**WORK INSTRUCTION:** A word-for-word copy of the lines below, starting at the line with "Experience sophisticated dining" and ending at the last one, is what you should give. Omit every picture.

***** PROVIDED MATERIAL

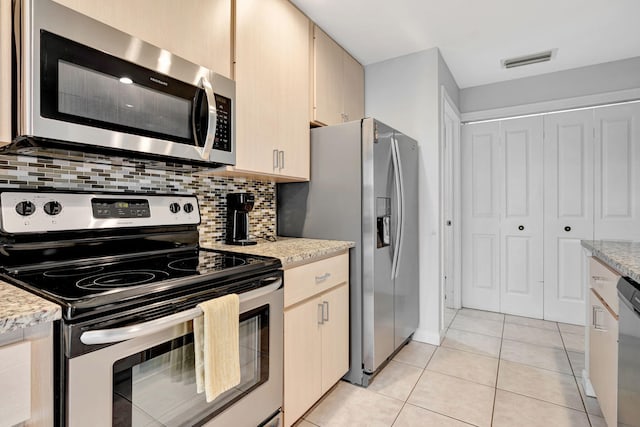 kitchen featuring light tile patterned floors, visible vents, appliances with stainless steel finishes, light stone countertops, and tasteful backsplash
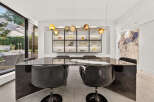 Experience sophisticated dining in this modern space, featuring a sleek, dark dining table with plush black chairs.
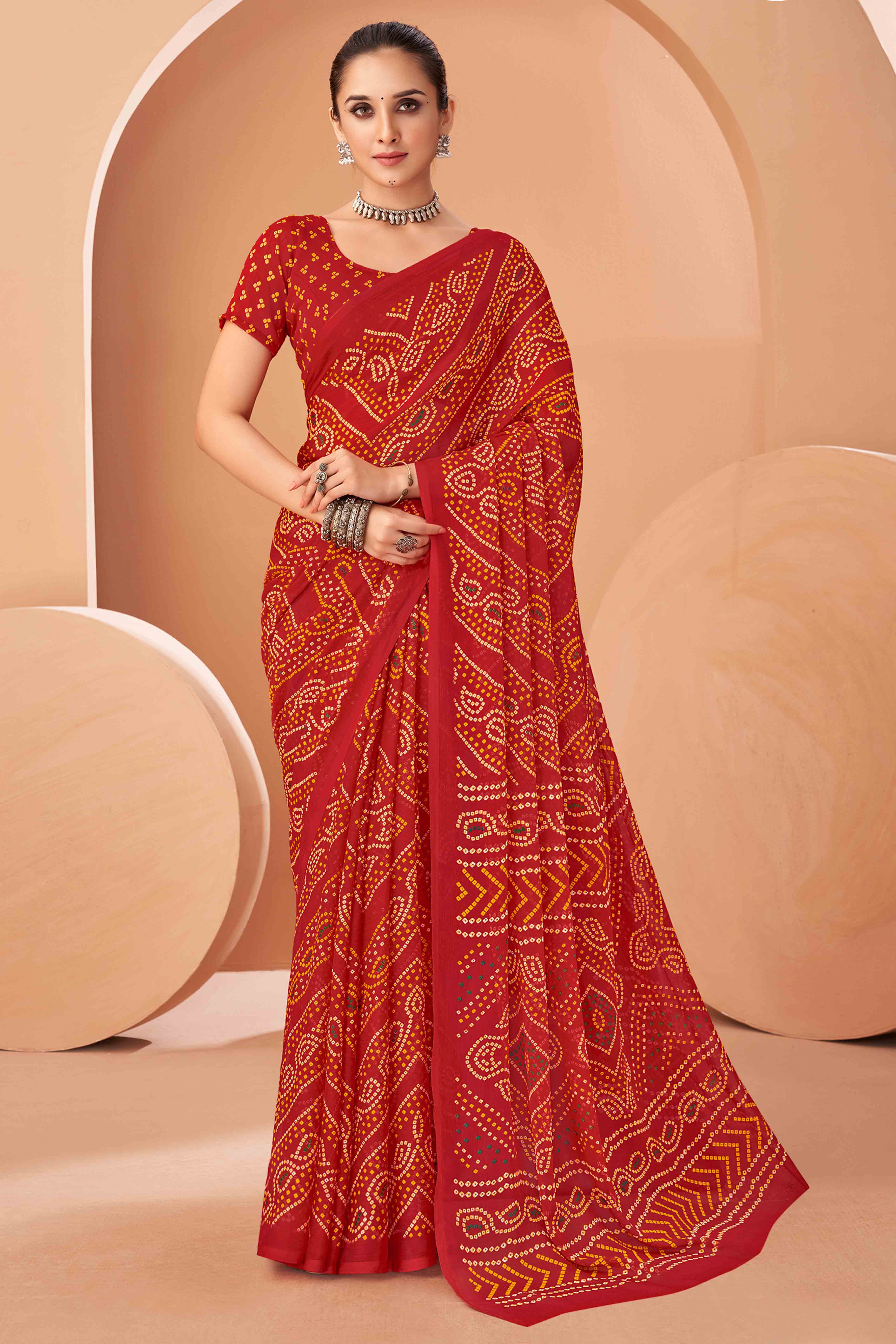Red Bandhani Printed Chiffon Saree Accented With Intricate Lace Border Work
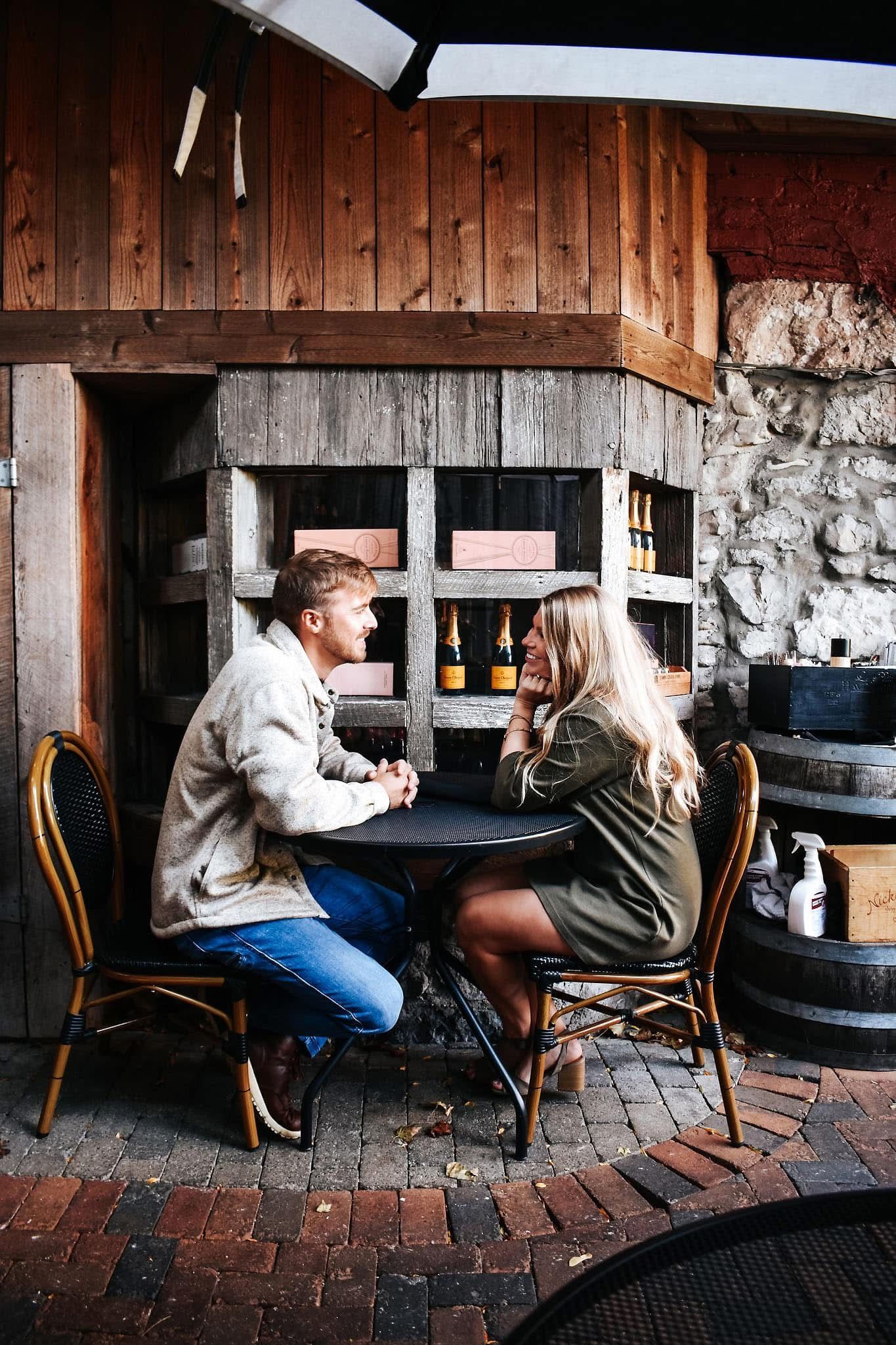 A man and a woman are sitting at a table in a restaurant.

**********

**RESPONSE AREA:**
 Experience sophisticated dining in this modern space, featuring a sleek, dark dining table with plush black chairs.
Red Bandhani Printed Chiffon Saree Accented With Intricate Lace Border Work
 A man and a woman are sitting at a table in a restaurant.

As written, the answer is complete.